Emma Carson stayed quiet.
Quiet as a snake,
Jared thought.
Heard a snake bit her once. The snake died.
A little off-balance here in the Chiefs House, though; she wasn’t a frequent guest.
Sam Macy nodded unwillingly. “Wish you could have taken something besides the
Merrimac,
Jared,” he said. “Or given me some warning. The Republic’s paying fair compensation, but I had a buyer lined up”—who was confidential information, of course—“and it isn’t going to do my reputation any good having to back out. Reputation’s my stock-in-trade, as much as plank and beam.”
Macy was a short thick-bodied man of Jared’s age, most of it muscle despite an incipient pot.
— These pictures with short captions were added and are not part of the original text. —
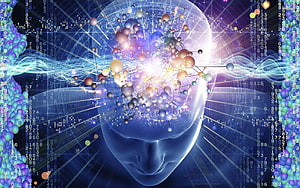 Digital Human Head with Neural Network and Data Streams HD wallpaper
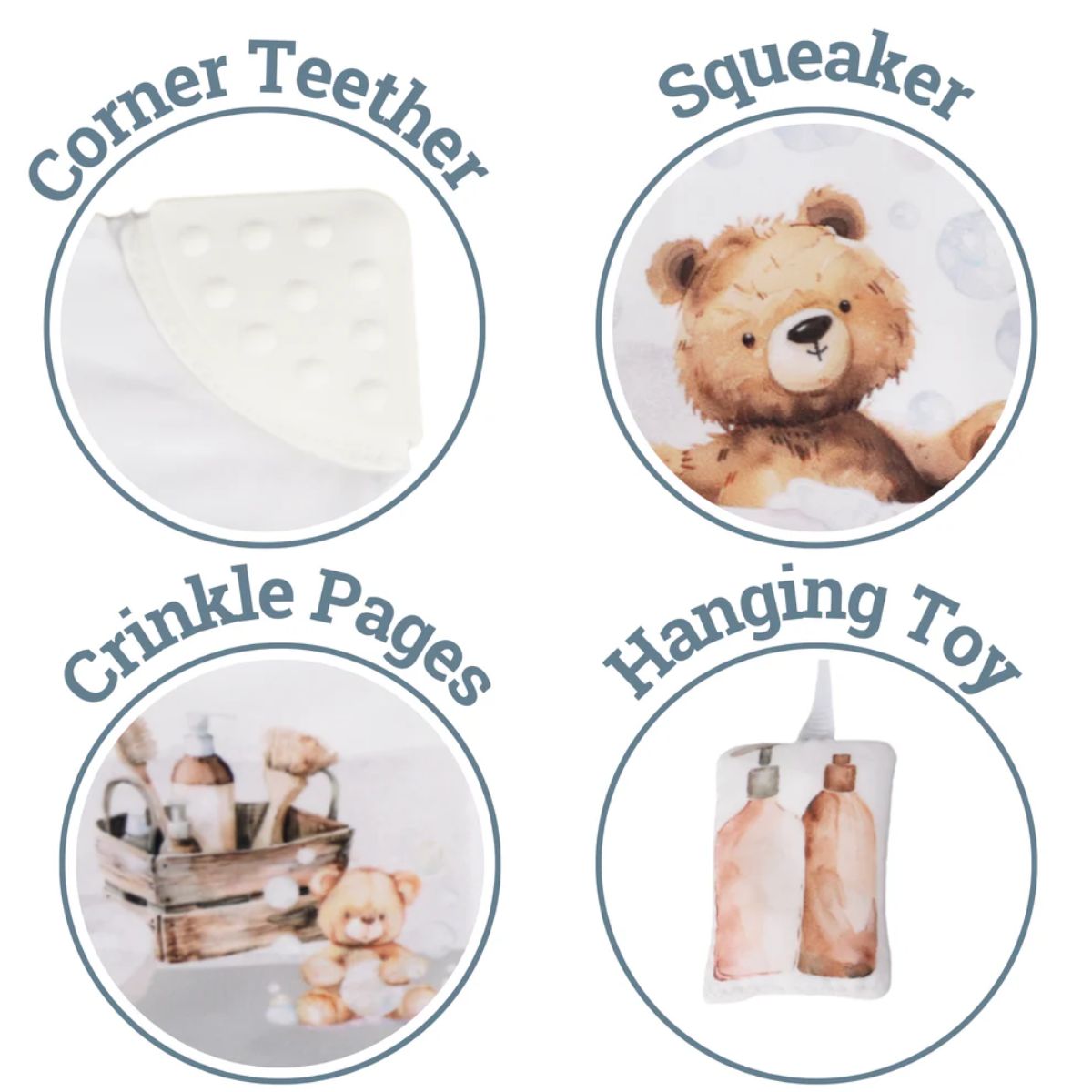Livro Sensorial de Tecido Ali+Oli para Bebê Bubble Bath on Luna Baby Store Miami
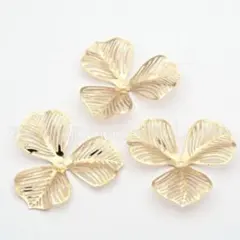 花びら ペタル 大ぶり 金属製 花形パーツ 4個セット ゴールド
His gray-shot black hair was still abundant, though, and he’d added a short spade-shaped beard back when shaving got difficult, and kept it after hot water, soap, and straight-edge razors became available again. Before the Event he’d been a house-building contractor; since then he’d become something of a timber baron in the limitless forests over on the mainland, that leading his firm naturally to interests in shipyards and ships, and occasionally to operating ships until the right price was offered.
“It was there, and the less warning, the less likely word is to get to the enemy,” Jared said. “The Arnsteins are pretty sure they’ve still got some eyes here. We can move information more quickly, Tartessos doesn’t have radios, thank God. Yet. But there are ways for them to communicate.”
Macy nodded. “Well, if you let the
Inquirer
&
Mirror
have the story eventually, so everyone knows it was ... what’s the word ...”
“Force majeure,”
Martha supplied helpfully.
“Right.”
“Mmmmn-hmm,” Cofflin said, nodding an affirmative.
“What the hell did you want her for, anyway?” Macy said. “She’s a good ship, weatherly and fast—but I thought there were ample transports? The buyer was looking into opening a regular private trade with Anyang.”
“State secret,” Cofflin said. “We need her; leave it at that.”
It made him a little uneasy to use phrases like that, but it worked. The abortive Tartessian invasion this spring past had frightened and enraged the entire population. It was also a pity he had to put a spoke in the wheel of those plans for trade. Policy was to encourage private enterprise, wherever possible. He’d detested the period of absolute emergency right after the Event when he and the Council had to run everything, handing out rations and assigning work. Each step toward normalacy since had been a relief, and his greatest ambition as head of government had been to become as irrelevant as he could to as many people as possible. He didn’t like the way the war was making them lose ground.